Die 1980 in Klagenfurt geborene Künstlerin verließ bereits mit 16 Jahren die Schule, um – hochbegabt – an der Hochschule für angewandte Kunst in Wien die Meisterklasse für Bühnenbild zu besuchen. Ab 1998 studierte sie an der Akademie der bildenden Künste in Wien bei Franz Graf Malerei.
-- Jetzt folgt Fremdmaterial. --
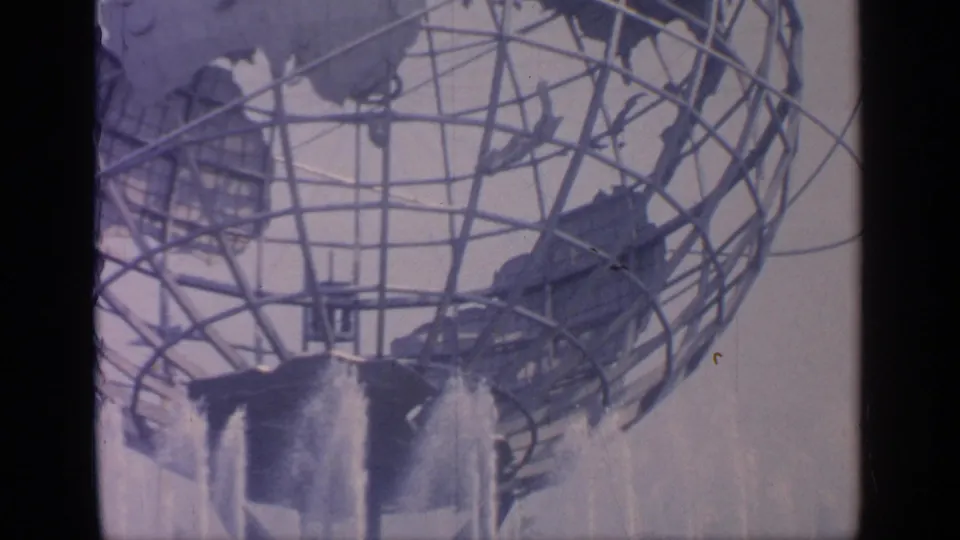 Faded 8mm frame of the Unisphere at Flushing Meadows, showing the globe structure above active fountain spray.
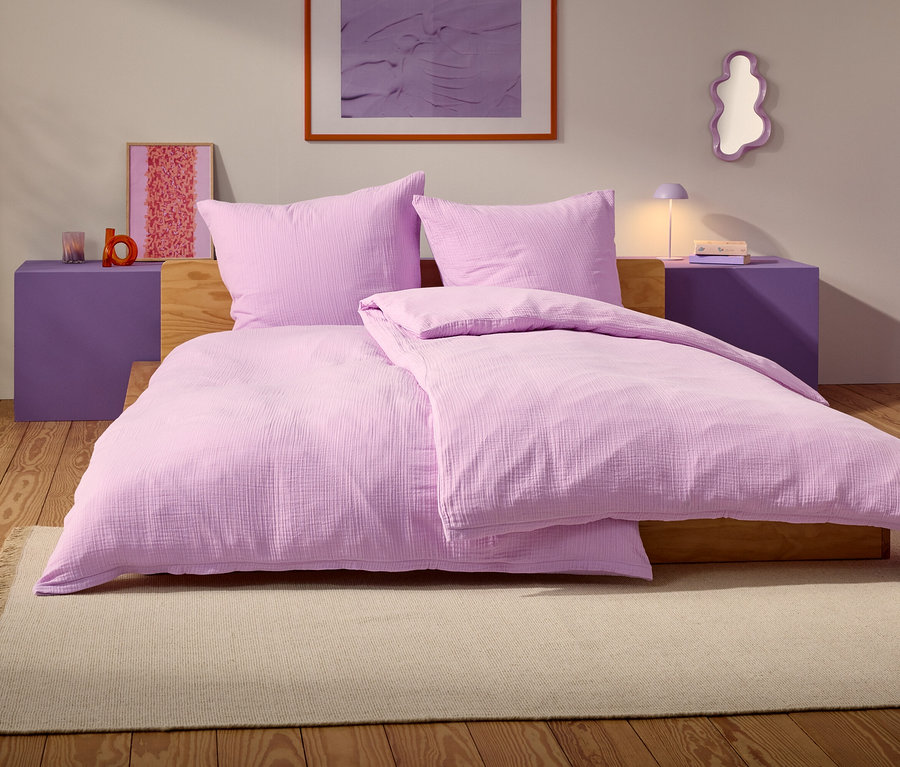 Un lit violet avec deux oreillers et une couverture se trouve sur un tapis beige dans une chambre.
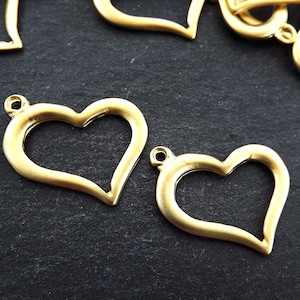 Könnte beinhalten: Zwei goldfarbene Metall-Anhänger in Herzform mit einer Öse oben zum Anbringen an Schmuck oder andere Bastelarbeiten.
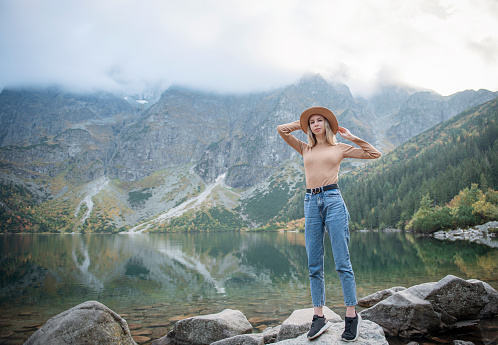 Young tourist girl in a hat with hands up on the top of the mountains admires the nature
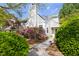 Charming home with beautiful landscaping and flowering bushes enhancing its curb appeal at 111 Sir Richard Ln, Chapel Hill, NC 27517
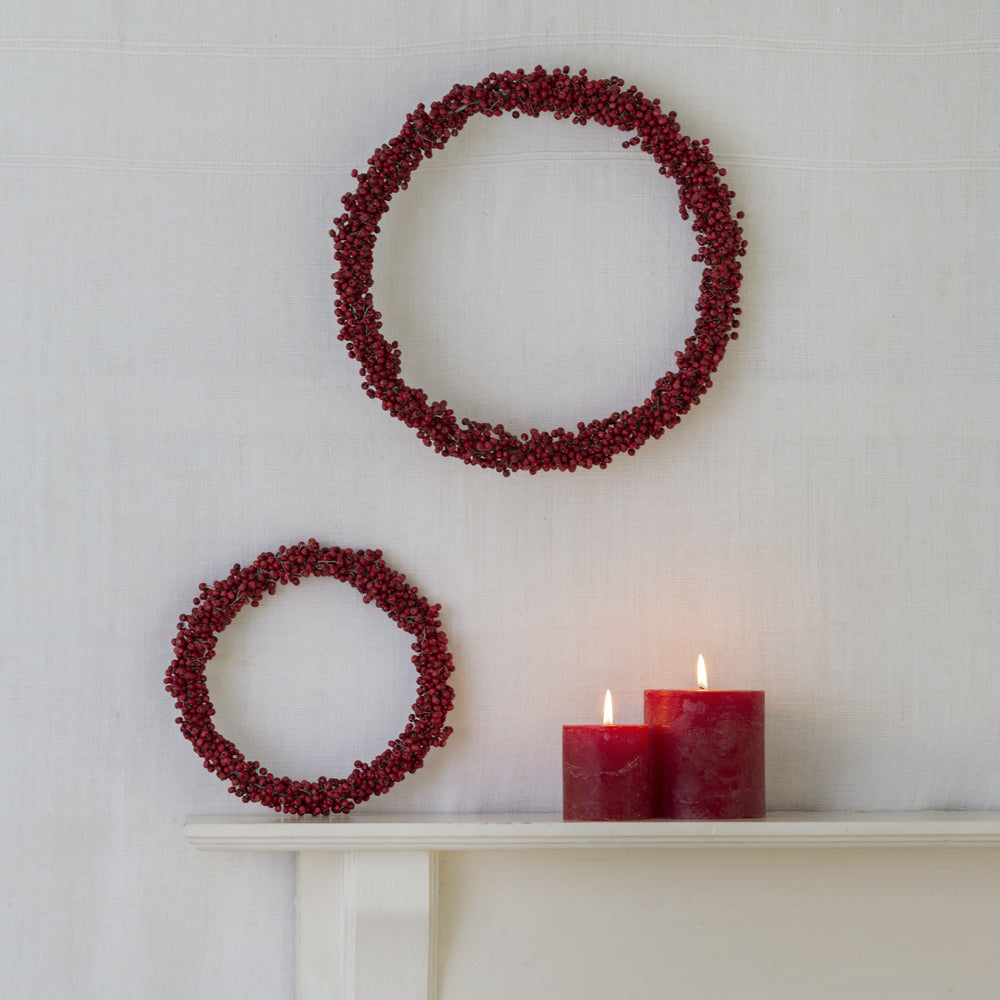 Clusters of red wooden beads reminiscent of winter berries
Zenita Komads Laufbahn war von Beginn an unkonventionell. Ihre markante Persönlichkeit und ein unvergleichliches künstlerisches Werk von außergewöhnlichen grafischen und skulpturalen Arbeiten, Objektbildern und Installationen bis hin zu szenischen Inszenierungen, die unauflösbar miteinander verknüpft sind, brachten rasch Erfolg, bescherten Einlass in die führenden österreichischen Galerien und sorgten für nationale und internationale Aufmerksamkeit. Bald zählte sie zu den „100 Artists Younger than Jesus“.
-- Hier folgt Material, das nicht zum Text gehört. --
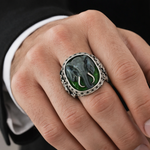 Silver ring featuring a black enamel elephant head with black diamond eyes and textured band.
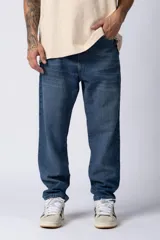 Jean de corte mom fit con diseño holgado y estilo vintage, confeccionado en denim de tono azul medio con acabado lavado.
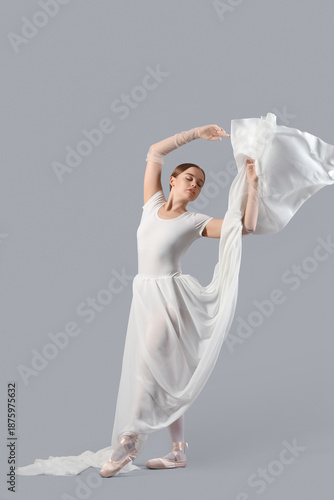 Young ballerina on light ba...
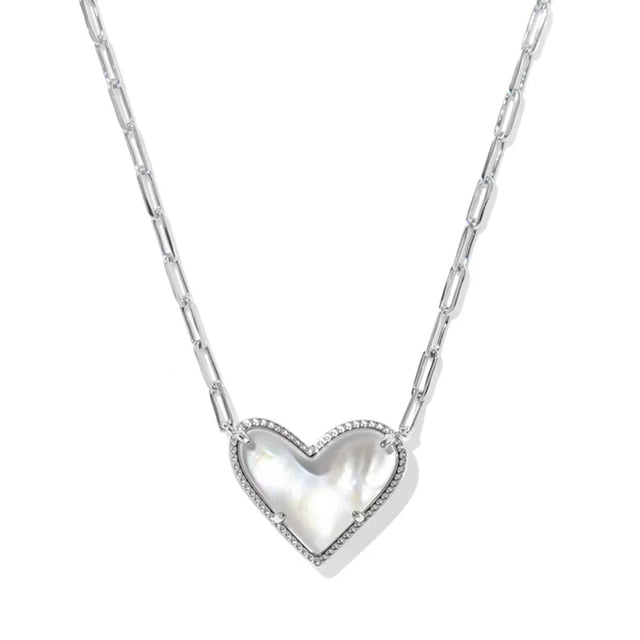 Heart-shaped silver pendant on a chain against a white background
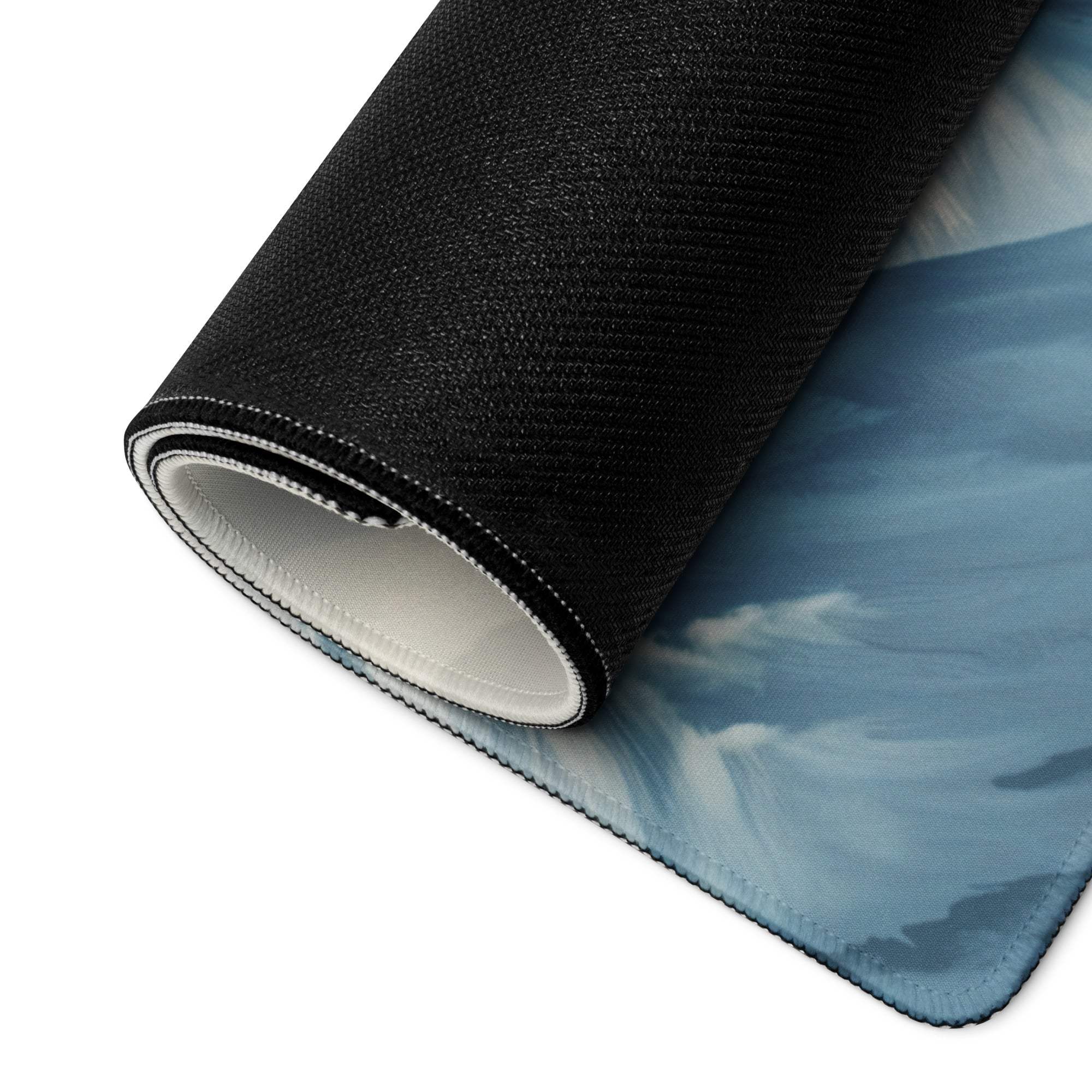 Epic Dragon Landscape Ice Blue Night large gaming mouse pad with black textured back and blue sky clouds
Die Künstlerin begann ihren Weg in „Zenita-City“ und steht heute im Mittelpunkt von „Zenita Universe“, einem geistigen Kosmos, in dem sich Familie, Freund*innen, Weggefährt*innen, Kooperationspartner*innen und viele Personen mehr verbinden, sich der Ideenwelt der Künstlerin anschließen und das Ansinnen rund um den substantiellen Wunsch nach einem harmonischen Miteinander in einer gedeihlichen Welt teilen. Die Vorstellungen, die ihren Ausgang in der immer wieder verblüffend kombinierenden Gedankenwelt der Künstlerin nehmen, werden über ihr Werk in klaren Statements, starken Botschaften und kraftvollen Bildern sowie poetischen Inszenierungen weitergetragen, die die Rezipierenden frappieren und ihren Gang in die Welt finden. Immer mit der Intention, die Menschen zu erreichen und die Welt zu verbessern.
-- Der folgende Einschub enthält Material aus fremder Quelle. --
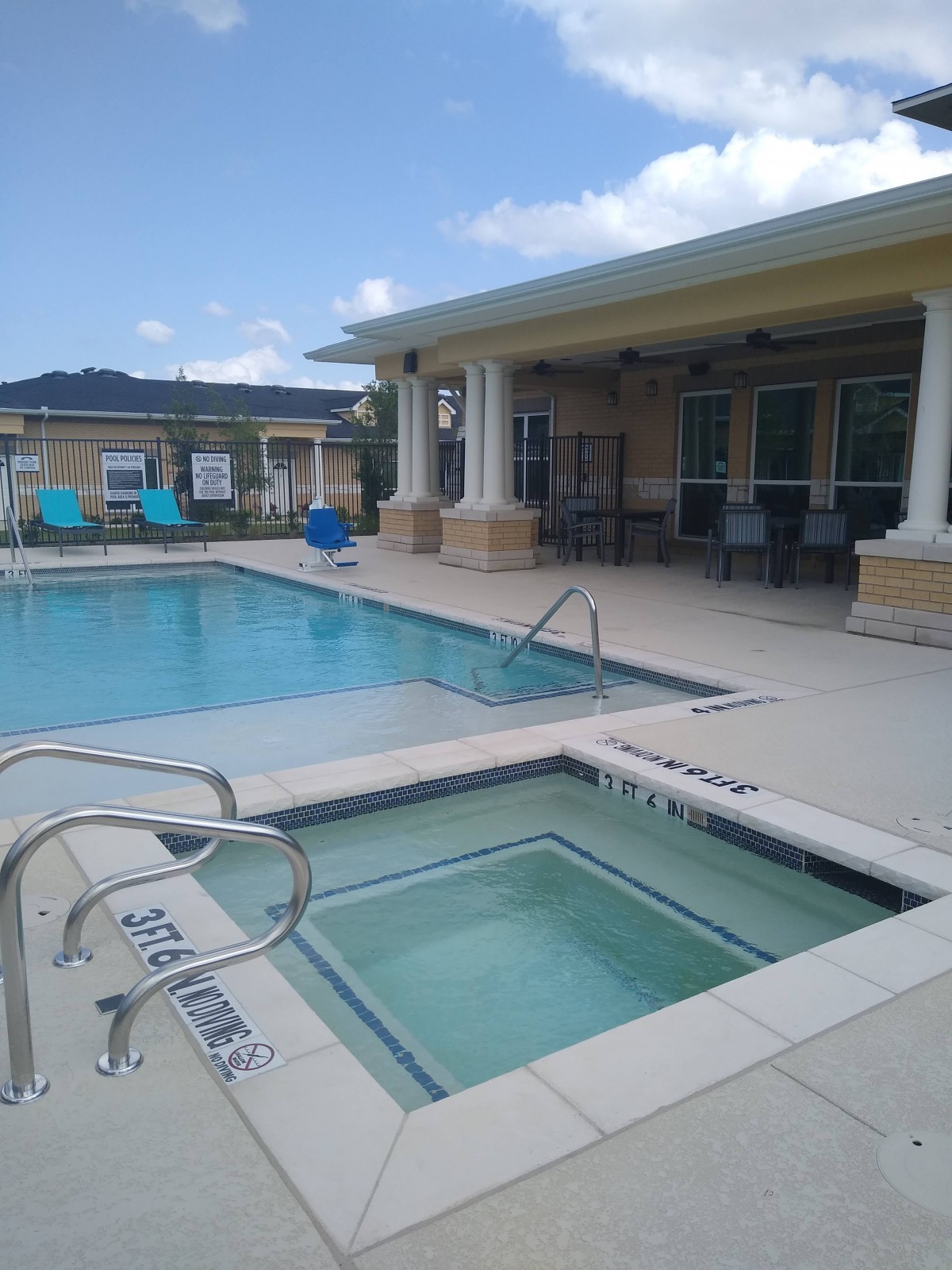 Outdoor swimming pool and hot tub area with adjacent patio seating.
Das Museum kann aber ein Friedensbüro werden, wie es Zenita Komad im KULTUM in Graz vorexerziert. Zehn Frauen und zehn Männer, deren Lebenswerk mit dem Thema „Frieden“ in Verbindung gebracht wird, vernetzen sich von ihren jeweiligen Positionen in der Bildergalerie in den gesamten Raum; deren Fäden finden in den beiden Händen der Künstlerin an den beiden gegenüberliegenden Wänden des ehemaligen Refektoriums zusammen. Oder das Museum wird zur Präsentationsfläche eines lang genähten „Briefs an den lieben Gott“: Zu finden im langen Korridor des Klosters. Die Weltlage hat es not.
„DER KRIEG IST AUS!“ schallt Zenita Komads Appell vom Burghof in Klagenfurt in den Äther. Geschrieben mit „Buchstaben“ aus frisch gefällten Baumstämmen, die als solche auch eine brutale Note aufweisen. Im Hof vor dem barocken Minoritensaal in Graz – einem von der Fürstenfamilie der Eggenberger in der Barockzeit gestifteten Sommerrefektorium für die Franziskaner-Minoritenbrüder – lautet selbiges kurz vor Ostern: „NIE WIEDER KRIEG!“. Verzweifelt und sehnsüchtig nach Frieden ringend, im gleichzeitigen Bewusstsein der Aussichtslosigkeit, formuliert die Künstlerin umso vehementer ihre Anliegen, für die sie uns alle als Mitstreiter*innen gewinnen möchte. Dafür ist es höchste Zeit. Wir hoffen, ihre Bilder, Visionen und Appelle finden mit den beiden Ausstellungen ihr notwendiges, ebenso entschiedenes Publikum.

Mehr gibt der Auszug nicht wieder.